Martin Schallbruch, Deputy Director of the Digital Society Institute in Berlin, says that attacks like this increasingly try to capture large volumes of data in order to leak this information at the right moments.
“We’re a year away from German national elections. And an attacker who stocks up on information today is better capable of action in nine months, be it leaking that information or blackmailing someone,” says Schallbruch. “It’s conceivable. We’ve seen it in the U.S., so why not in Germany?”
A global challenge for democracies
Cyberwarfare also hit France’s TV5 Monde television channel in April 2015, forcing it off the air and placing jihadist propaganda messages on its website and social media accounts.
In the Philippines, just a month before the presidential election in May 2016, the government suffered probably its worst ever data breach.
A few months earlier the Commission on Elections saw its website defaced and its entire database posted online amid warnings that the government’s cybersecurity vulnerabilities might have “sabotaged” the election.
In the UK, the leaked Panama Papers revealed that then-UK prime minister David Cameron had personally profited from a tax-dodging stash of £30,000 in an offshore investment fund set up by his father.

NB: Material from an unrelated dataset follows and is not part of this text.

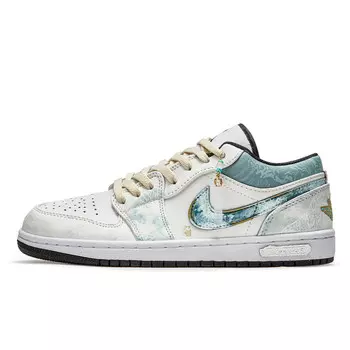 Кроссовки Air Jordan 1 Vintage Basketball Shoes Men Low-top Beige/Blue, бежевый/синий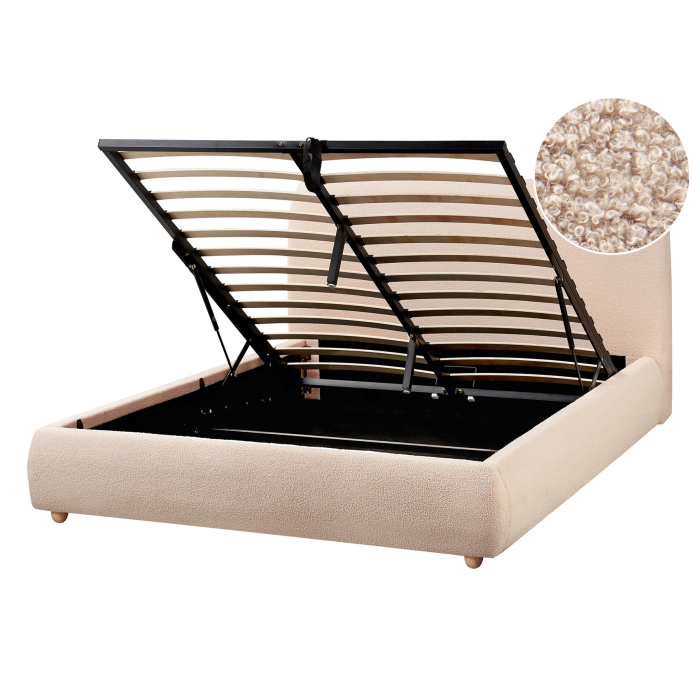 BIGNAC Double Boucle Fabric Ottoman Storage Bedframe - Beige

Cameron already was suffering from a loss of credibility with the public. As de facto leader of the Remain campaign in the “Brexit” vote, this strategic leak, perfectly timed as it was, only further tarnished him and undermined the Remain effort.
The Cameron precedent
To be sure, the possibility of being embarrassed by a leak will discourage some people from running for office.
It will have a chilling effect. Some critics will respond, “Well if the person doesn’t have any secrets or skeletons to uncover, there wouldn’t be a problem.”
How many good potential candidates are so squeaky clean that she or he can survive having snatches of conversations or emails ripped out of context and splashed across the headlines?
Or having the email archives of a candidate’s closest advisors (like Clinton’s election campaign manager John Podesta) raked through for scandal material?
Even if it turns out there is no scandal there – like in the case of the second FBI investigation into Hillary Clinton’s and her associates’ emails, which was closed for lack of evidence only two days before the election – it can throw a campaign off for a week or two.
Meanwhile, the media seek clicks with sensational headlines. At that point, the political damage has already been done.
Too much sunshine?
Have we reached a point where too much “sunshine” created by too much technology is threatening to undermine our democracy? Technology has certainly impacted elections before — most famously with the sensation caused by the Kennedy- Nixon TV debates.
Those who watched them on TV thought Kennedy won, and those who heard it on the radio thought Nixon won. TV technology has made us more conscious of the visuals, of physical appearance, of stage presence.
And technologies for polling, focus groups and targeting certain demographics of voter are now a core part of any high-profile election campaign’s strategy.
The recent U.S. presidential election is the first time technology has played such a central role in digging into private lives, hacking into private communications, unearthing what was previously unearth-able – and then providing the means to broadcast that all over the world.
Adding to the intrigue is the fact that foreign governments have increasing capabilities to do this to each other, trying to sway the outcome of elections and influencing voters of another nation to pick a leader they find more palatable.
Julian Assange or Vladimir Putin as kingmakers?
Allowing Julian Assange or Vladimir Putin to become the kingmakers for important elections all over the world seems like a skydive without a parachute toward a democratic disaster.
We have to think carefully about the new role that hacking and leaking technology are playing in elections, and how to enact effective safeguards that will prevent hackers and leakers from making a mockery of the important rituals and institutions of representative government.